Our function prologue has gotten a lot longer, and we have some new control flow instructions as well. Let’s take a closer look at the prologue:

        pushq   %rbp
        movq    %rsp, %rbp
        pushq   %r15
        pushq   %r14
        pushq   %rbx
        pushq   %rax
        movq    %rdi, %r14

The pushq %rbp; movq %rsp, %rbp sequence is very common: it pushes the frame pointer stored in %rbp to the stack and saves the old stack pointer (which is the new frame pointer) in %rbp. The following four pushq instructions store registers that we need to save before using.⁷

On to the function body. We save our first argument (%rdi) in %r14, because we are about to call strlen and it, like any other function, may overwrite %rdi (we say %rdi is “caller-saved”) but not %r14 (we say %r14 is “callee-saved”). We call strlen(s) with callq strlen and store sSize + 1 in %rdi with lea 1(%rax), %rdi.

Next, we finally see our first if statement! cmpq $1024, %rax sets the flags register according to the result of %rax - $1024, and then ja .LBB0_2 (“jump if above”) transfers control to the location labeled .LBB0_2 if the flags indicate that %rax > 1024. In general, higher-level control-flow primitives like if/else statements and loops are implemented in assembly using conditional jump instructions.

Let’s first look at the path where %rax <= 1024 and thus the branch to .LBB0_2 was not taken. We have a blob of instructions to create char temp[sSize + 1] on the stack:

        movq    %rsp, %r15
        movq    %rsp, %rbx
        addq    $15, %rdi
        andq    $-16, %rdi
        subq    %rdi, %rbx
        movq    %rbx, %rsp

We save %rsp to %r15 and %rbx for later use.⁸ Then, we add 15 to %rdi (which, remember, contains the size of our array), mask off the lower 4 bits with andq $-16, %rdi, and subtract the result from %rbx, which we then put back into %rsp. In short, this rounds the array size up to the next multiple of 16 bytes and makes space for it on the stack.

The following block simply calls copyUppercase and puts as written in the code:

        movq    %rbx, %rdi
        movq    %r14, %rsi
        callq   copyUppercase(char*, char const*)
        movq    %rbx, %rdi
        callq   puts

Finally, we have our function epilogue:

        movq    %r15, %rsp
        leaq    -24(%rbp), %rsp
        popq    %rbx
        popq    %r14
        popq    %r15
        popq    %rbp
        retq

We restore the stack pointer to deallocate our variable-length array using leaq.
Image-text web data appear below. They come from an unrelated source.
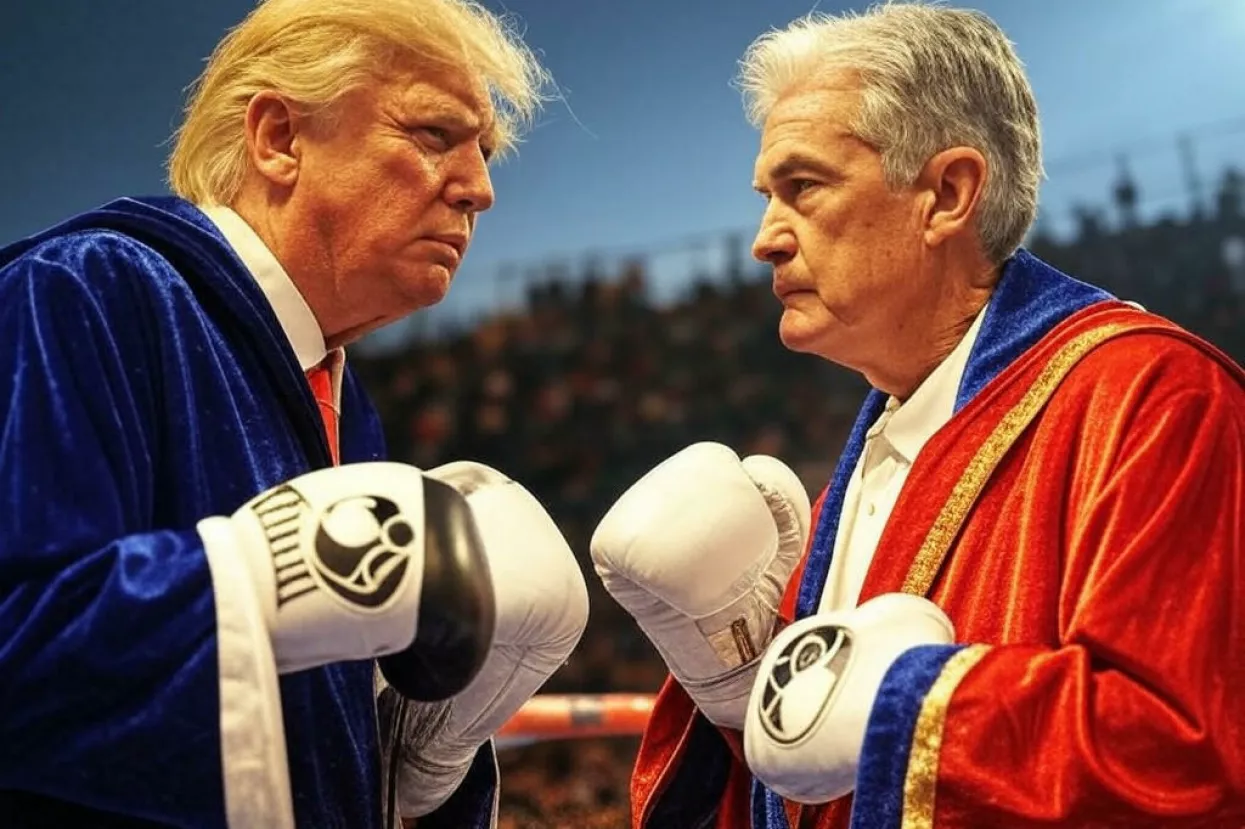 Donald Trump, Jerome Powell 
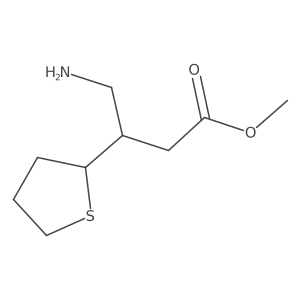 Methyl 4-amino-3-(thiolan-2-yl)butanoate结构式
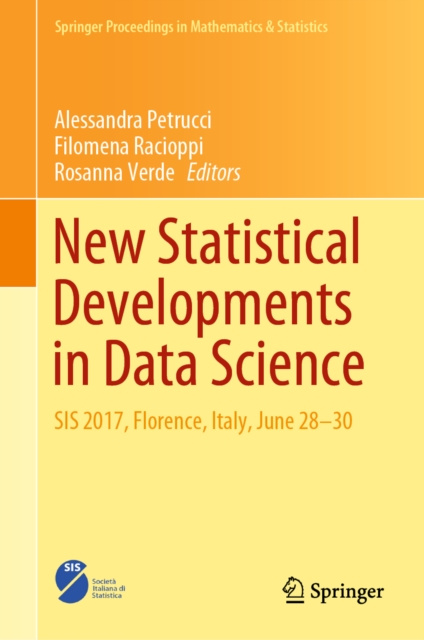 E-book New Statistical Developments in Data Science Alessandra Petrucci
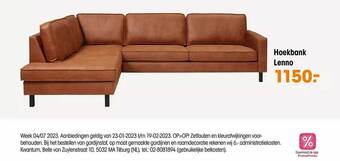 Kwantum Hoekbank lenno aanbieding
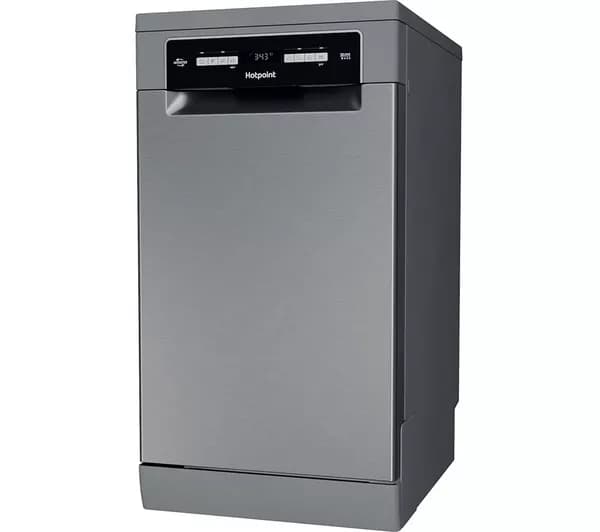HOTPOINT HSFO 3T223 W X UK N Slimline Dishwasher - Silver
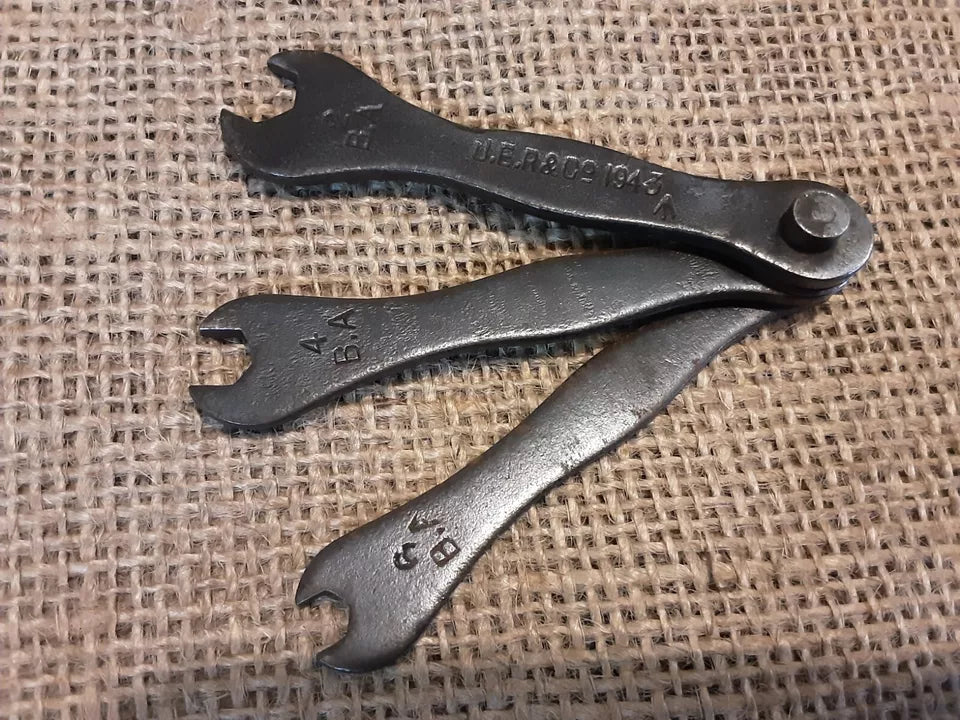 Set Of WW2 Dated Magneto Spanners 1943 JER & Co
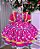 Vestido Bella Child Junino Luxo Rosa - Imagem 1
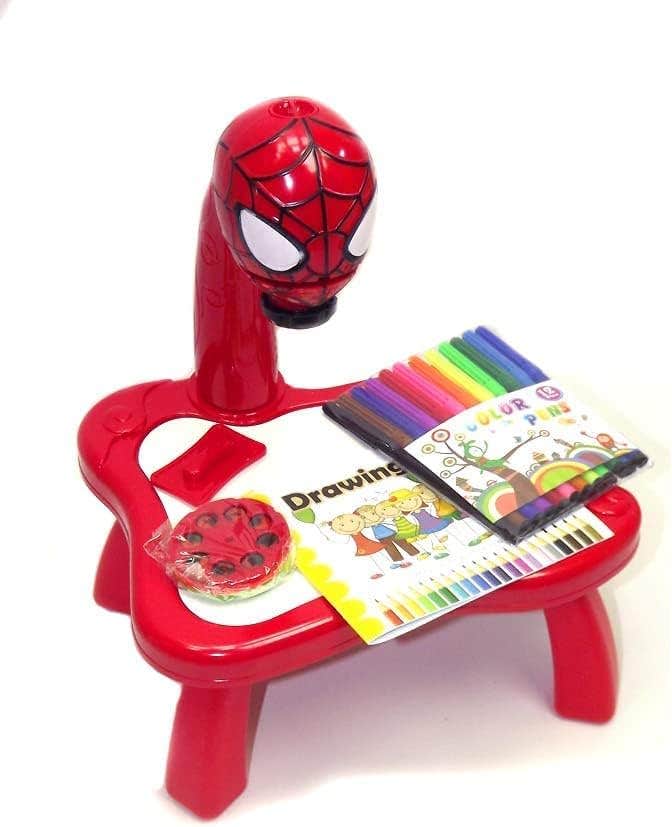Educational Toy Projector Painting Kit for Kids - Multicolored Plastic - Improve Creativity and Motor Skills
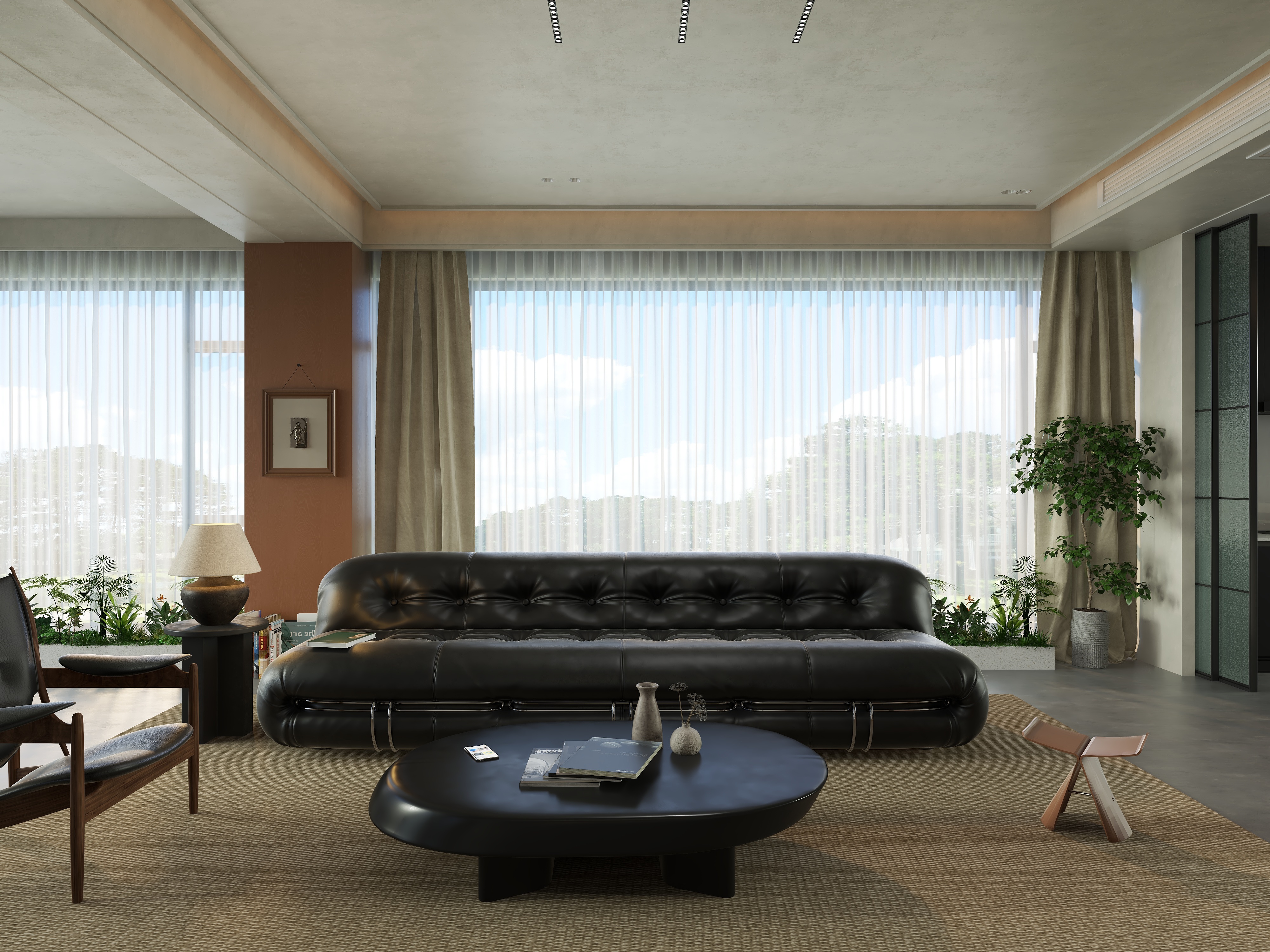 LSA-Design-165㎡2室 现代复古-装修设计方案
Then, we popq the registers we saved during the function prologue and return control to our caller, and we are done.

Next, let’s look at the path when %rax > 1024 and we branch to .LBB0_2. This path is more straightforward. We call operator new[], save the result (returned in %rax) to %rbx, and call copyUppercase and puts as before. We have a separate function epilogue for this case, and it looks a bit different:

        movq    %rbx, %rdi
        leaq    -24(%rbp), %rsp
        popq    %rbx
        popq    %r14
        popq    %r15
        popq    %rbp
        jmp     operator delete[](void*)                          # TAILCALL

The first mov sets up %rdi with a pointer to our heap-allocated array that we saved earlier. As with the other function epilogue, we then restore the stack pointer and pop our saved registers. Finally, we have a new instruction: jmp operator delete[](void *). jmp is just like goto: it transfers control to the given label or function. Unlike callq, it does not push the return address onto the stack. So, when operator delete[] returns, it will instead transfer control to printUpperCase’s caller. In essence, we’ve combined a callq to operator delete[] with our own retq. This is called tail call optimization, hence the # TAILCALL comment helpfully emitted by the compiler.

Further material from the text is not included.